Task directions:
Any pictures in the records below must be left out when you repeat the lines from the line containing "Sheriff Stick Figure Button" through the line containing "V-Neck Printed Blouse" exactly.

Records to process:
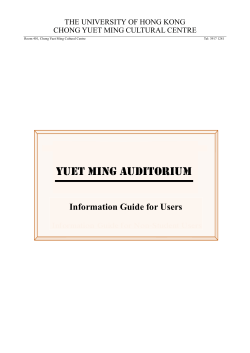 Yuet Ming Auditorium Booking Guidelines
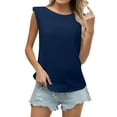 thumbnail image 1 of MESSUEN Ladies Sleeveless Tops Loose Fitting Tank Tops for Women Crew Neck Raglan Sleeveless Shoulder Pad Loose Fit T Shirt Vest for Women Basic Tops for Women Womens Blouses Navy L, 1 of 8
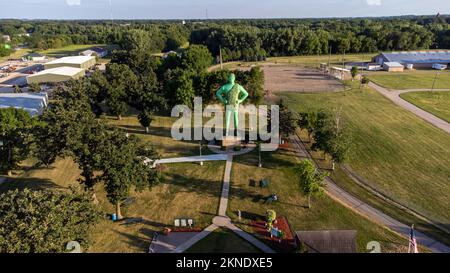 Statue des Grünen Riesen in Blue Earth, Minnesota, USA Stockfoto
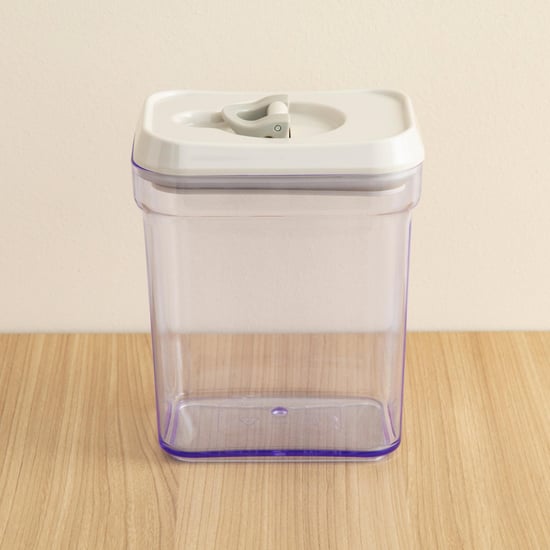 Palestine-Austin Solid  Storage Jar with Lid - Plastic Jar - 12.5 cm  L x 9 cm  W x 15.5 cm  H - 1000ml - Transparent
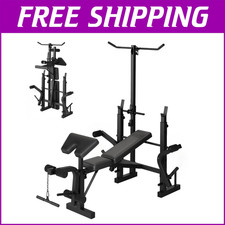 7-In-1 Foldable Adjustable Weight Bench Set w...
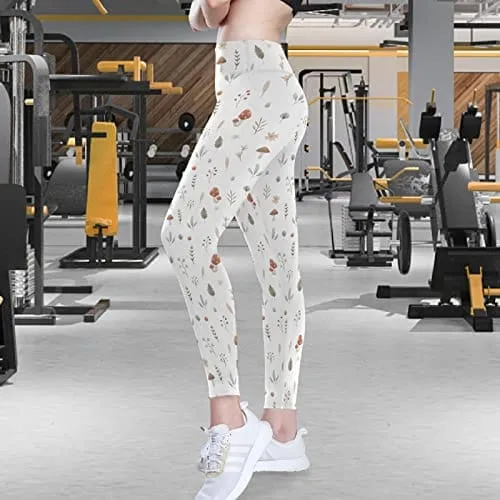 visesunny High Waist Yoga Pants with Pockets Cute Mushroom Forest Painting Soft Tummy Control Workout Leggings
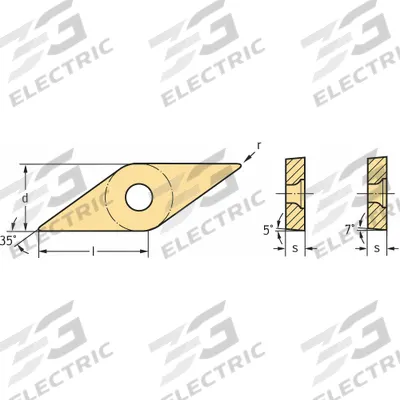WALTER Diamond Turning Insert: VCMW332-RK6 WKK20S - Diamond Indexable Turning Inserts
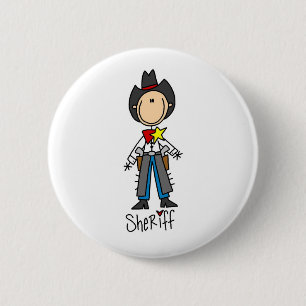 Sheriff Stick Figure Button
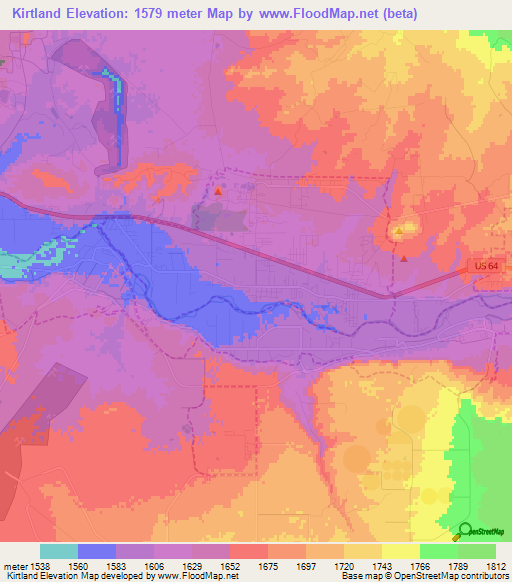 Kirtland,US Elevation Map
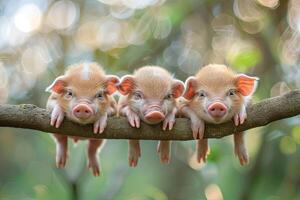 ai generiert Schwein Baby Gruppe von Tiere hängend aus auf ein Zweig, Niedlich, lächelnd, bezaubernd foto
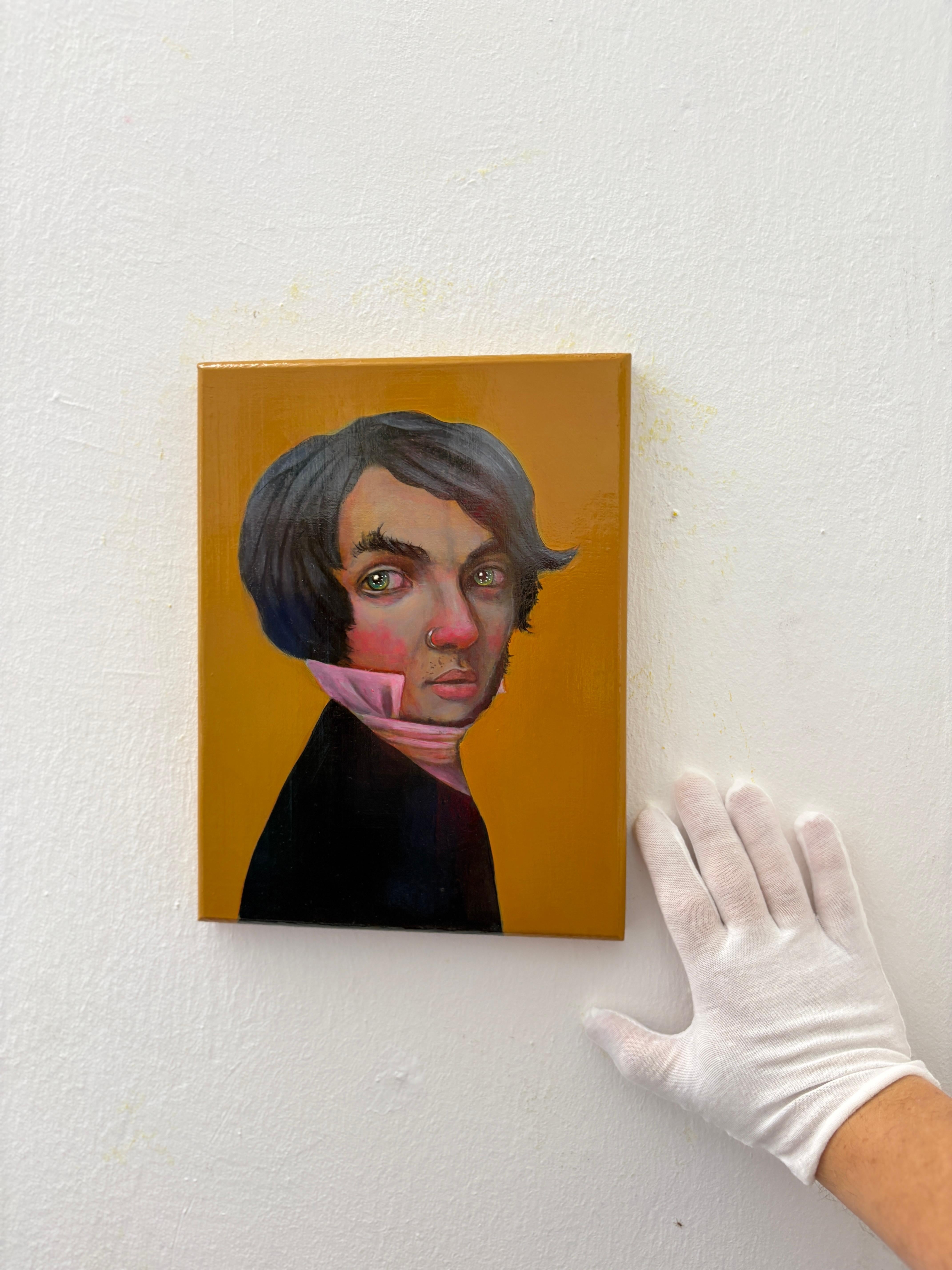 Champollion. Limited Edition #15/20 Contemporary Pop Surrealist Portrait on Wood - Conceptual Mixed Media Art by Natasha Lelenco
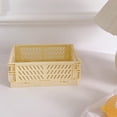 thumbnail image 1 of Meitianfacai Mini Foldable Plastic Storage Basket For Organizing Crates With Handles For Desks And Bedrooms, 1 of 2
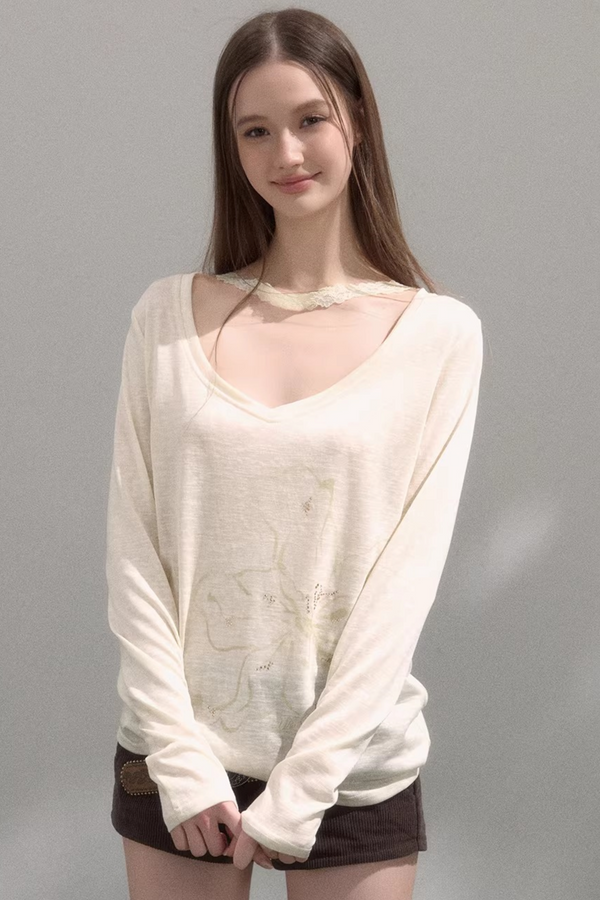 V-Neck Printed Blouse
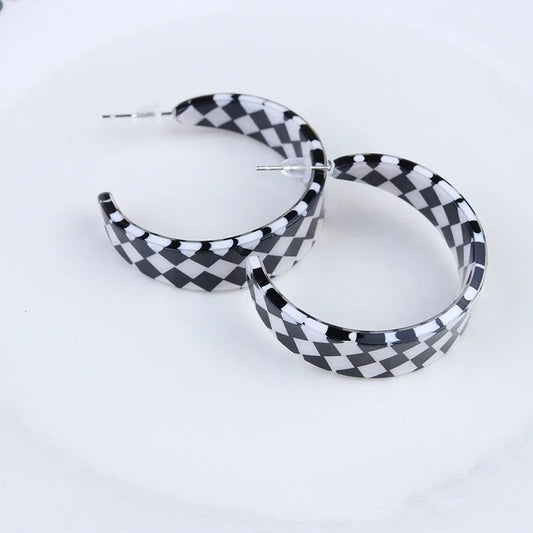 Leopard Acrylic Hoop Earrings Retro C-Shaped Twist Design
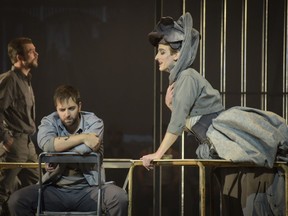 Étienne Dupuis as Simon Doucet and Daniel Cabena as Mademoiselle Lydie-Anne de Rozier in Les Feluettes.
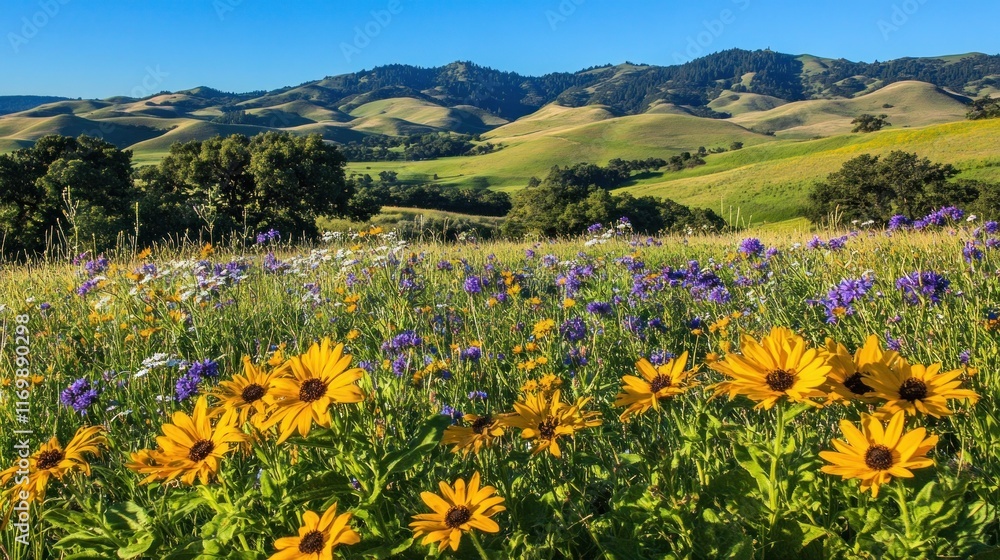 A vibrant landscape filled with wildflowers under a clear blue sky and rolling green hills.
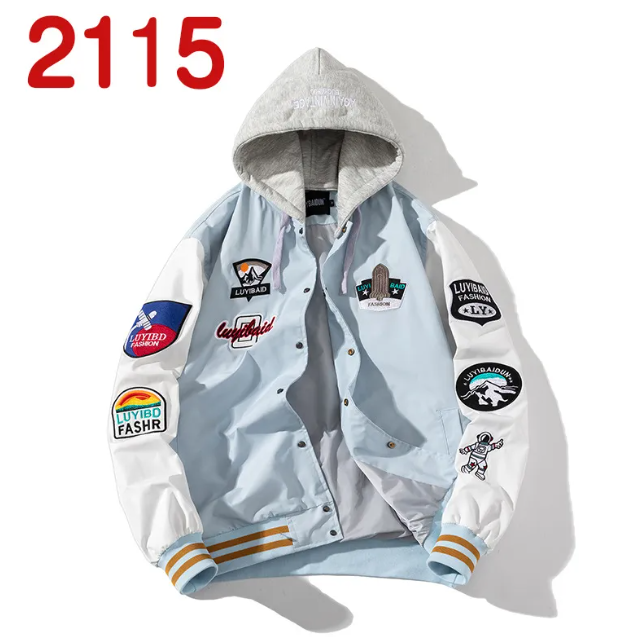 Embroidered Color Block Baseball Jacket Best YouTube Store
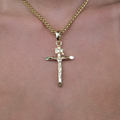 Large Crucifix Cross Pendant in Yellow Gold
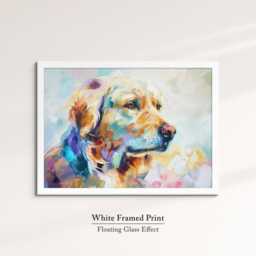 Golden Retriever Abstract Oil Painting Framed Print & Canvas Large Sizes Luxury Wall Art Poster Pet Home Decor Interior Dog Gift Idea - thumbnail 3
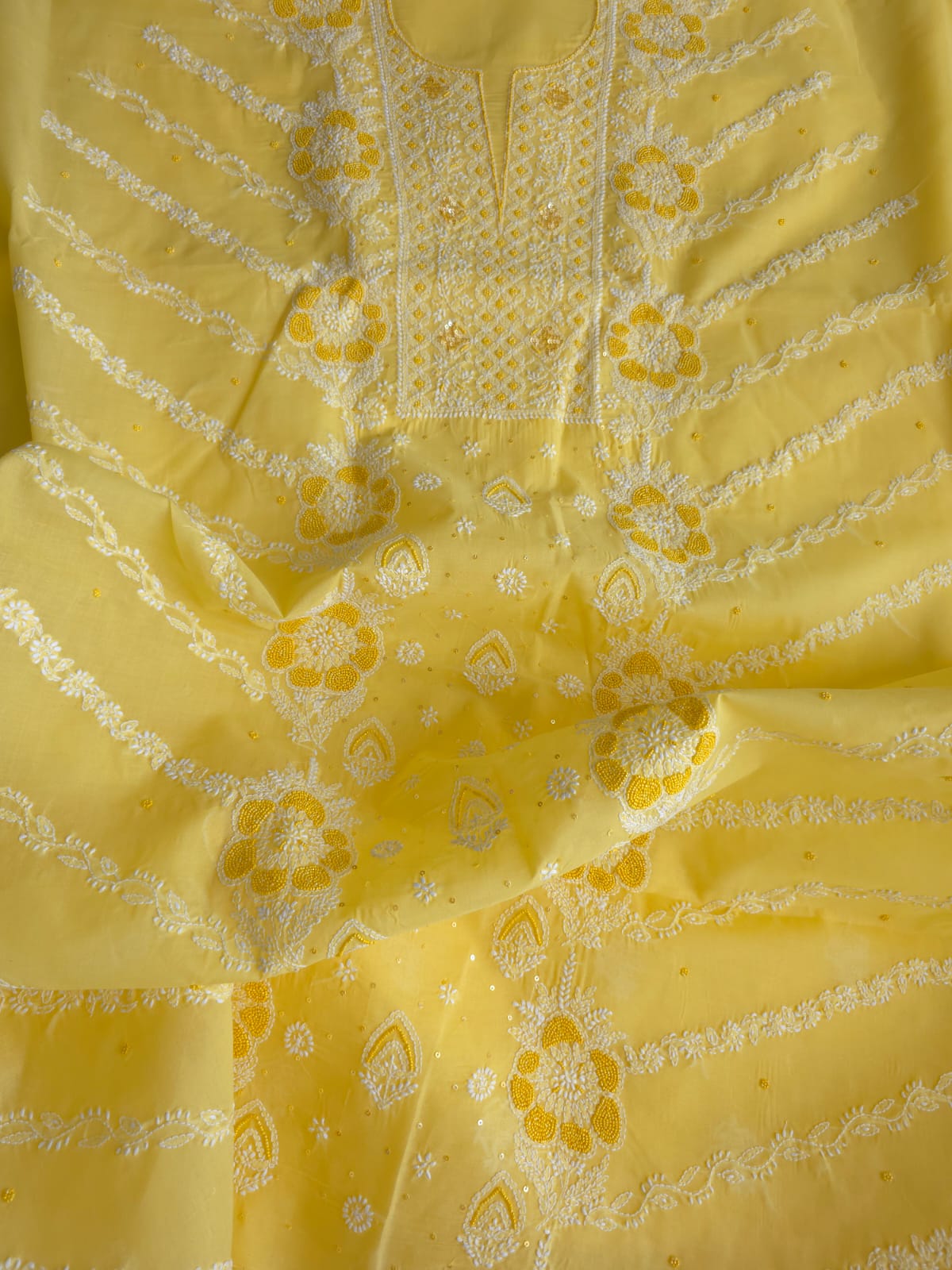 Sunshine Yellow Cotton Full suit with handwork and pearl sequins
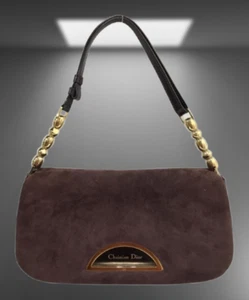 Christian Dior Suede One Shoulder Bag Handbag Purple Maris Pearl Ladies - Picture 1 of 9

Answer space:
 Sheriff Stick Figure Button
 Kirtland,US Elevation Map
 ai generiert Schwein Baby Gruppe von Tiere hängend aus auf ein Zweig, Niedlich, lächelnd, bezaubernd foto
 Champollion. Limited Edition #15/20 Contemporary Pop Surrealist Portrait on Wood - Conceptual Mixed Media Art by Natasha Lelenco
 thumbnail image 1 of Meitianfacai Mini Foldable Plastic Storage Basket For Organizing Crates With Handles For Desks And Bedrooms, 1 of 2
 V-Neck Printed Blouse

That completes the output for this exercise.